There are different ways to begin practicing mindfulness. You may choose to attend a group session, meet one-on-one with a mindfulness coach or read books dedicated to the practice.

Mindfulness can involve short breathing exercises, body scans where attention is focused on and moves slowly through each part of the body, and guided meditation.

By practicing mindfulness, you can become more present in the moment, more aware of your thoughts and listen to the signals your body is giving you.

Next Steps

If you are new to mindfulness, here are a few tips to help you take that next step and get started:

Start with shorter sessions

Dedicating just a few minutes per day is a good way to start. This can be increased gradually you become more comfortable with your practice.
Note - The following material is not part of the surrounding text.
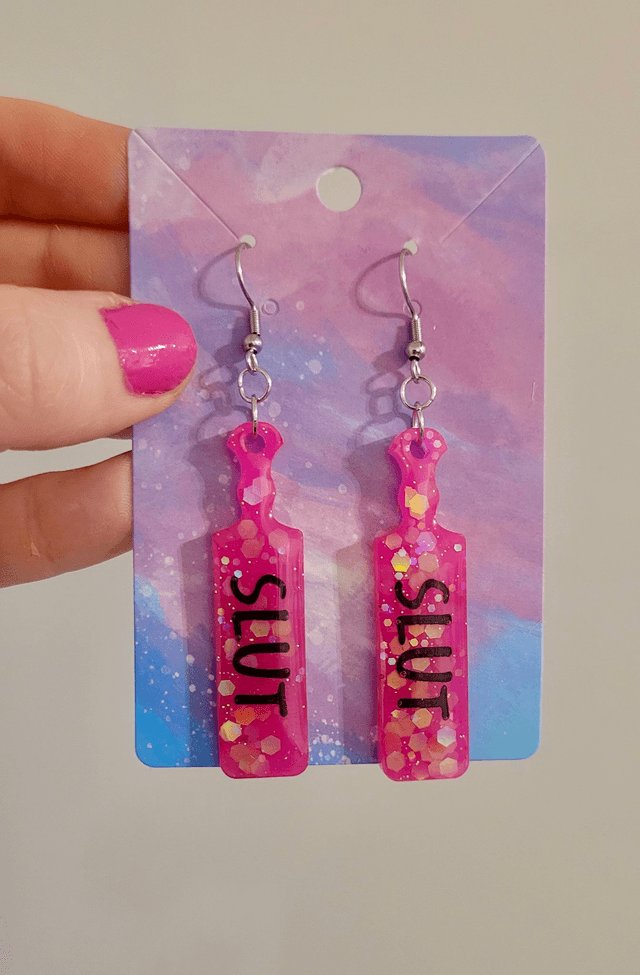 Earrings | Bright Pink Glitter SLUT Paddle Earrings | Stainless Steel Hooks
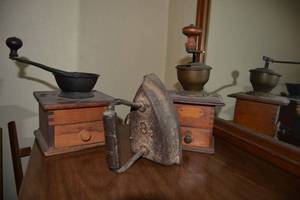 lot 73 image: Antique sad Iron and Vintage Coffee Grinders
Choosing the right environment

Finding a quiet and comfortable place where you can sit or lay comfortably without distractions can be helpful.

Making it a habit

Incorporate mindfulness into your daily activities. You don’t have to limit your mindful practice to attending meditation classes. Practicing being fully present in everyday activities like eating and walking can help get you into a routine.

Seek guidance if needed

Consider joining a mindfulness group or taking a mindfulness course. Receiving guidance from someone who is experienced in the practice can be helpful.

Download an App

Apps like the Smiling Mind – Meditation App offer beginner meditation sessions and other features to help you with your mindful practice.